_RECORD SET_.
>>>

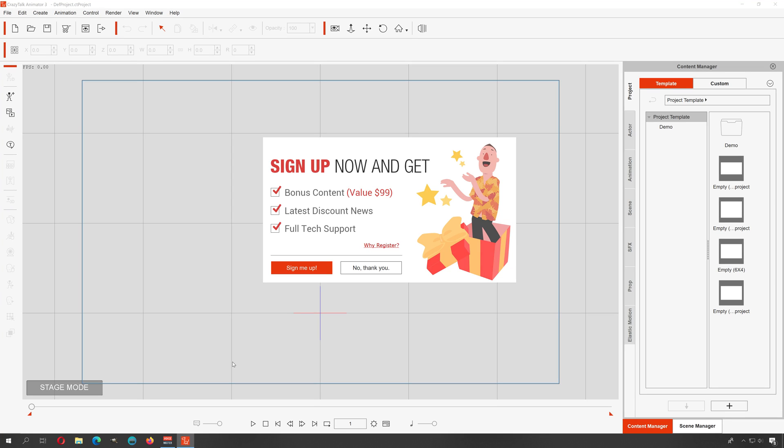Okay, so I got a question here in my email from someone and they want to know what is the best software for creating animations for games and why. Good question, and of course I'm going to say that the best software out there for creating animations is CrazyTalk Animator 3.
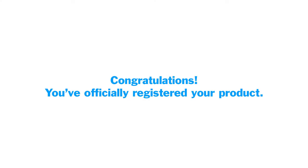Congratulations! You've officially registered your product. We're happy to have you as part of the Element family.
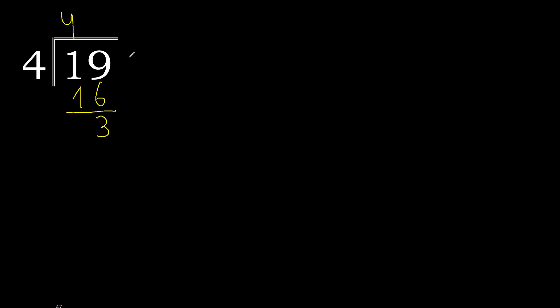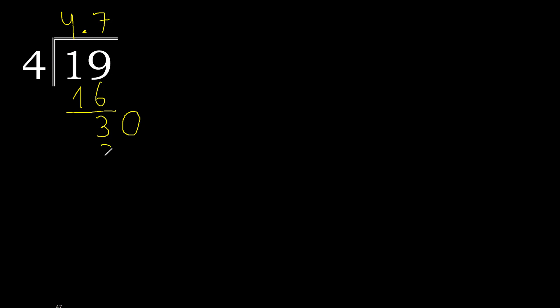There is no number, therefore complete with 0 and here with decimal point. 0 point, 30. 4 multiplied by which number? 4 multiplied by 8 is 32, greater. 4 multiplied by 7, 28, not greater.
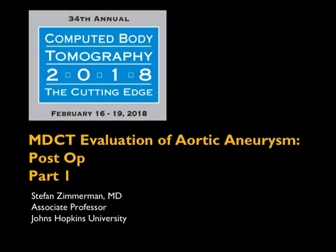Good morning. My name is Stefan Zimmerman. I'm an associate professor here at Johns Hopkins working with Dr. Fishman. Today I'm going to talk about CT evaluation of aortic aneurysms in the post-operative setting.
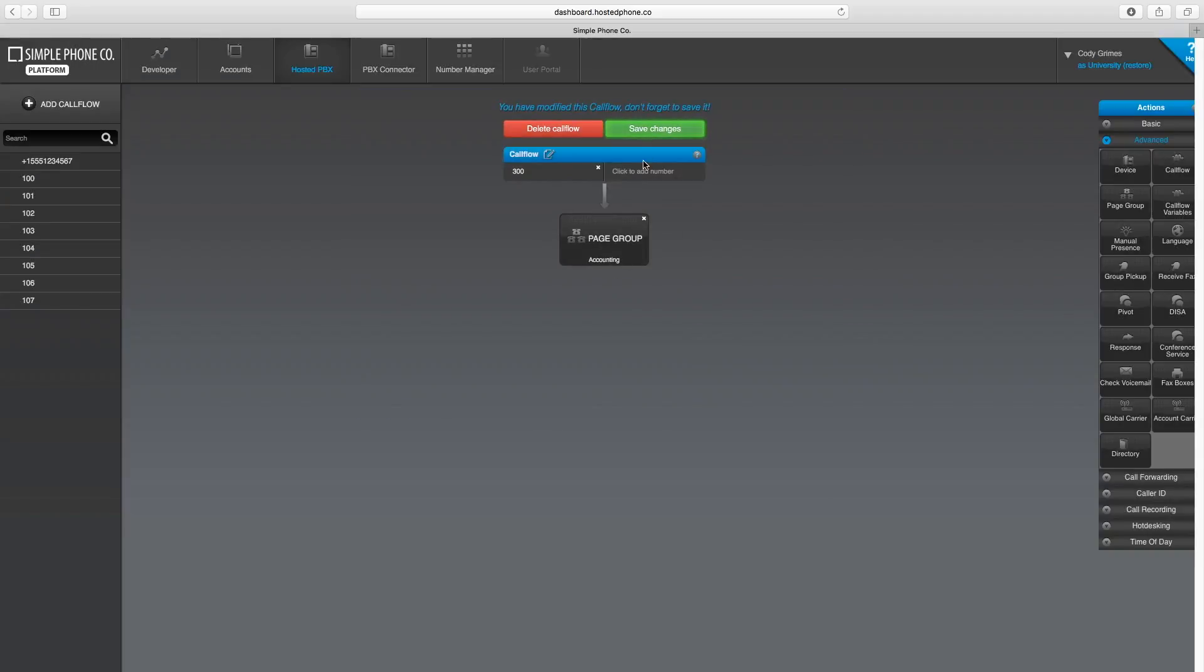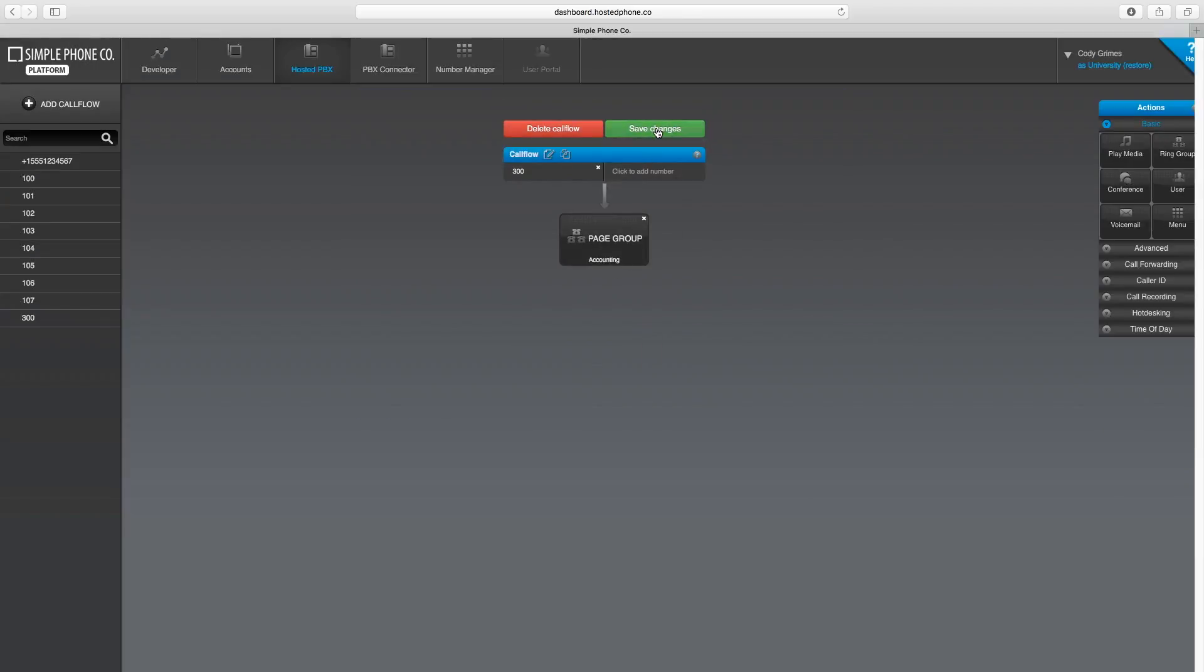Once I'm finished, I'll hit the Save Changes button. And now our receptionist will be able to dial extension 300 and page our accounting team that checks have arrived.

<<<

_WHAT TO DO_.
Take the line containing "Good morning. My" and every line after it to the end of the records, and restate them verbatim, with no pictures.

_WRITTEN SOLUTION_.
Good morning. My name is Stefan Zimmerman. I'm an associate professor here at Johns Hopkins working with Dr. Fishman. Today I'm going to talk about CT evaluation of aortic aneurysms in the post-operative setting.
Once I'm finished, I'll hit the Save Changes button. And now our receptionist will be able to dial extension 300 and page our accounting team that checks have arrived.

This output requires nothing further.